New York City’s population grew by over 600,000 between 2010 and 2020, reaching 8.8 million, according to Census data released Thursday.

  • Brooklyn was the fastest-growing borough: The Asian population there surged by 43%, the white population grew by 8.4% and the borough’s Black population declined by 8.7% in the past decade, The City reports. (There is no breakdown for the Jewish population.)
  • The population of Monroe in Orange County dropped by 46%, but only because about half of its residents — mostly Orthodox Jews — are now part of the newly created town of Palm Tree, N.Y., the Albany Times Union reports.
  • Lakewood Township, with 135,518 people, became the fifth largest municipality in New Jersey, with a 45.6% population growth driven by its large haredi Orthodox Jewish population, Politico reports.

NEW YORK, NEW YORK

With the spread of the Delta variant, Jewish schools have returned to debates about masks and vaccines.

  • SAR Academy in Riverdale, perhaps the first Jewish school in the country to close due to COVID, is convening its medical committees again, JTA reports.
  • Quotable: “It’s certainly, on one hand, a little deflating,” says Rabbi Bini Krauss, the principal. “On the other hand, I think we all feel like we’re a lot better equipped than we were a year ago. We know a lot about what we potentially need to do if we need to do it.”

State Assemblyman David Weprin spoke at a rally protesting the Ben & Jerry’s decision to cease its sales in West Bank settlements.

  • Several dozen demonstrators gathered in front of the New York Public Library on Fifth Ave. before marching to a closed Ben & Jerry’s shop in midtown Manhattan Thursday evening.
  • Virág Gulyás, whose group End Jew Hatred organized the rally, told the Times of Israel that the ice cream firm’s decision amounted to “cultural genocide.”
  • The protesters were shadowed by a dozen demonstrators from the anti-Zionist Neturei Karta haredi Orthodox sect.

CROWN HEIGHTS ANNIVERSARY

A diverse coalition of community groups will mark the 30th anniversary of the Crown Heights riots and subsequent reconciliation efforts with a festival in the Brooklyn neighborhood on Sunday.

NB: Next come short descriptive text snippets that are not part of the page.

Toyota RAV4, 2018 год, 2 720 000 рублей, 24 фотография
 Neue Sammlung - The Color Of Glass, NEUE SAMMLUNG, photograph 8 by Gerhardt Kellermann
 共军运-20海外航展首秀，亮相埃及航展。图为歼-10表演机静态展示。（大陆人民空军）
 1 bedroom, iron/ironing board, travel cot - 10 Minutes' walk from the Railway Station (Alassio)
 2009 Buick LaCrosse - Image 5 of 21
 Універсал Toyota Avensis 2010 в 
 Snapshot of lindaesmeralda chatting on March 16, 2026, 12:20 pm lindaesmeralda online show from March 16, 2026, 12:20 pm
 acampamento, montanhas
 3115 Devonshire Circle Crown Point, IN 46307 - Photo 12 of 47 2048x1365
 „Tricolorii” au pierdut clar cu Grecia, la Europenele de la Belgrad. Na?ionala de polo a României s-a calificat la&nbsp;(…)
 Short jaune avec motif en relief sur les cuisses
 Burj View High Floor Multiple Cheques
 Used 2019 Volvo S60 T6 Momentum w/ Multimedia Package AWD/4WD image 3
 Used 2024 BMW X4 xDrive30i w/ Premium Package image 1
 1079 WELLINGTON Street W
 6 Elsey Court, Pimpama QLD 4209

  • The fifth One Crown Heights Neighborhood Festival is being held in part to acknowledge the conflict and build mutual respect in its wake, organizers said. The event will feature a “Community Conversations Tent,” where neighbors can meet neighbors. Jewish and Black entertainers will perform.
  • Background: From Aug. 19-21, 1991, Black residents attacked Jewish neighbors after a car in the motorcade of Lubavitcher Rebbe Menachem Mendel Schneerson accidentally struck and killed Gavin Cato, a Black child. A Hasidic student, Yankel Rosenbaum, was stabbed to death. Read The Jewish Week’s coverage of the riots here.
  • Organizers include the Crown Heights Jewish Community Council, Brooklyn Children’s Museum, Repair the World, Neighbors in Action, the Jewish Community Relations Council of New York and the Jewish Children’s Museum.
  • The festival will run Sunday from noon to 5:00 p.m. in Brower Park, Park Place between Brooklyn and Kingston Avenues.

TODAY’S BIG IDEA

“My Unorthodox Life” is hardly the first entertainment to feature the gap between Orthodox and secular Jews. Beginning in 19th-century Eastern Europe, writes film scholar Shaina Hammerman, Jews and antisemites alike used “fashion and ridicule to signal the divide between the unmistakably religious and the ambivalently secular.”

SHABBAT SHALOM

Teachers and parents can help close the “opportunity gap” in disadvantaged neighborhoods by working together. This week’s Torah portion reinforces that idea, writes Rabbi Elchanan Poupko, by making sure that teachers are part of the communities they serve.

NEWS QUIZ

Sony Pictures Television and “Jeopardy!” announced that actress Mayim Bialik will host some of the game show’s new primetime specials. There have been plenty of Jewish moments on “Jeopardy!” over the years; name the event below which did NOT happen. (And please answer in the form of a question.)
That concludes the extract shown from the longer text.